- [Records provided]
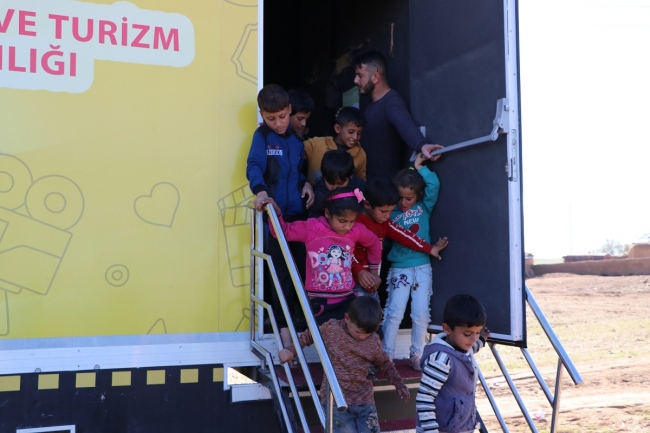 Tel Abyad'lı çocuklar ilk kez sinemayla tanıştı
==
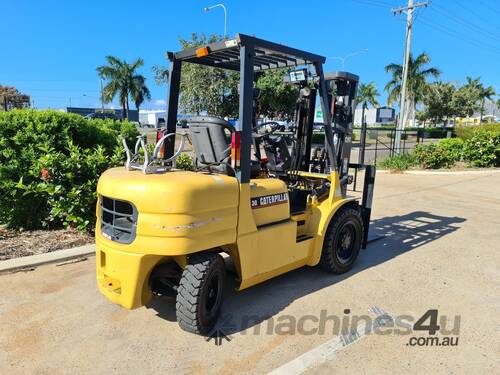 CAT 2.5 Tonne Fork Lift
---
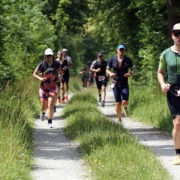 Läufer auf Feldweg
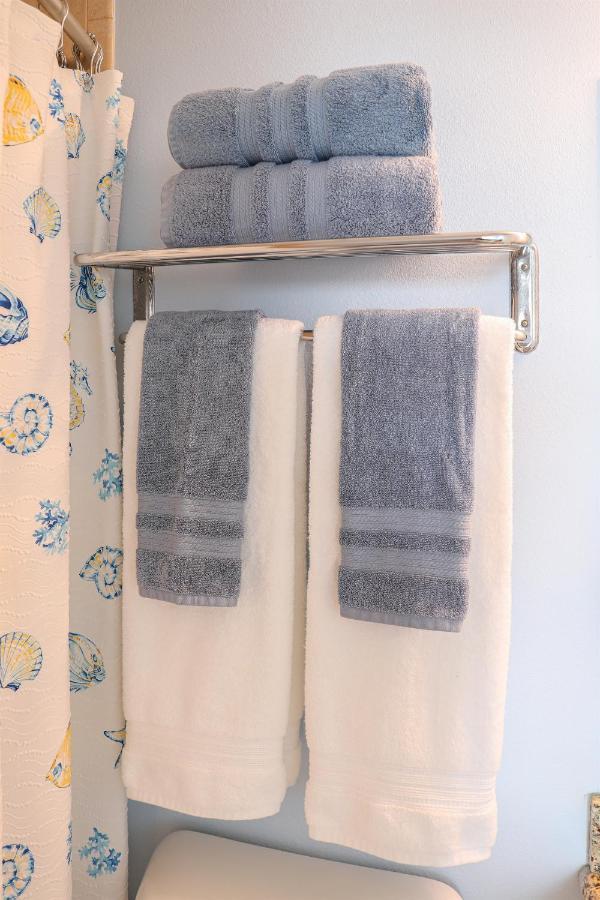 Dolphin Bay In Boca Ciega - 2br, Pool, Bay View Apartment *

- [Work task] Using the entries above, repeat exactly the lines from the one with "Läufer auf Feldweg" to the one with "Dolphin Bay In", both included, and leave the pictures behind.

- [Worked solution]
 Läufer auf Feldweg
 Dolphin Bay In Boca Ciega - 2br, Pool, Bay View Apartment *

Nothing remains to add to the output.